O günün ardından 14 Mart tıp öğrencilerinin sembolü haline gelerek her yıl kutlanır.
Bu heyecanlı genç hekim adayı, Tıbbiyelileri temsilen Sivas kongresine de davet edilmiştir. Dr. Hikmet beyin kongrede 9 Eylül 1919 gecesi Atatürk’e karşı yaptığı konuşma unutulmazdır.
‘Paşam... Farz-ı mahal, manda fikrini siz kabul ederseniz, sizi de reddeder, Mustafa Kemal’i vatan kurtarıcısı değil vatan batırıcısı olarak adlandırır ve tel’in ederiz.’
Daha sonra Boran soyadını alan bu genç Tıbbiyeli, rahmetli Orhan Boran’ın babasıdır.
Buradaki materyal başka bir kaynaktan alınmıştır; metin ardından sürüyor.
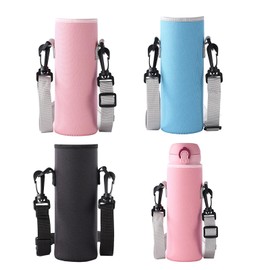 Floatdream Pack of 3 Bottles Thermal Sleeve Bags, Portable Water Bottle Bag with Strap, Neoprene Bag Protects Against Scratches, Portable, Suitable for Travel, Going Out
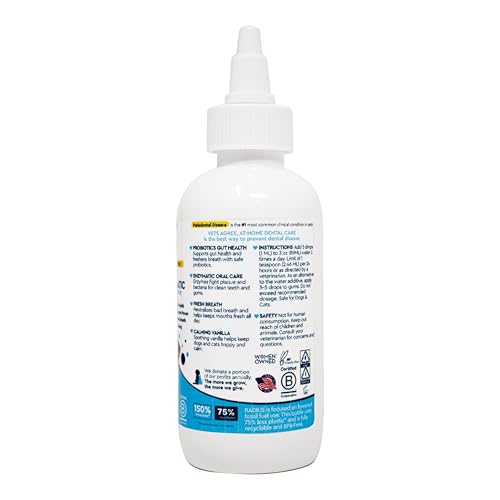 RADIUS Dental Care Water Additive for Dogs and Cats, 4 Ounces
Çorum Aile Hekimleri Derneği olarak öncelikle, görev bilincini ve hayallerini, hayatının önünde tutarak şehit olan tüm meslektaşlarıma minnetle ve şükranla anıyoruz.
Tıbbiyeli Hikmet Boran ve arkadaşları tarafından tarihimize kazandırılan bu bayramı, her sene onların emanetine sahip çıkarak kutlayacağız,
Tıbbiyeli olmak; fedakarlıktır, adanmışlıktır, vicdandır, çok fazla fiziksel ve zihinsel emektir, sağlam iradedir, özveridir ve hepsinden önemlisi mesleğe duyulan aşktır. Kıymetimizi birbirimizden başka kimsenin bilmediği şu günlerde, Çorum Aile Hekimleri Derneği olarak, tüm değerli meslektaşlarımızın ve sağlık çalışanlarımızın “14 Mart Tıp Bayramını” kutlarız.”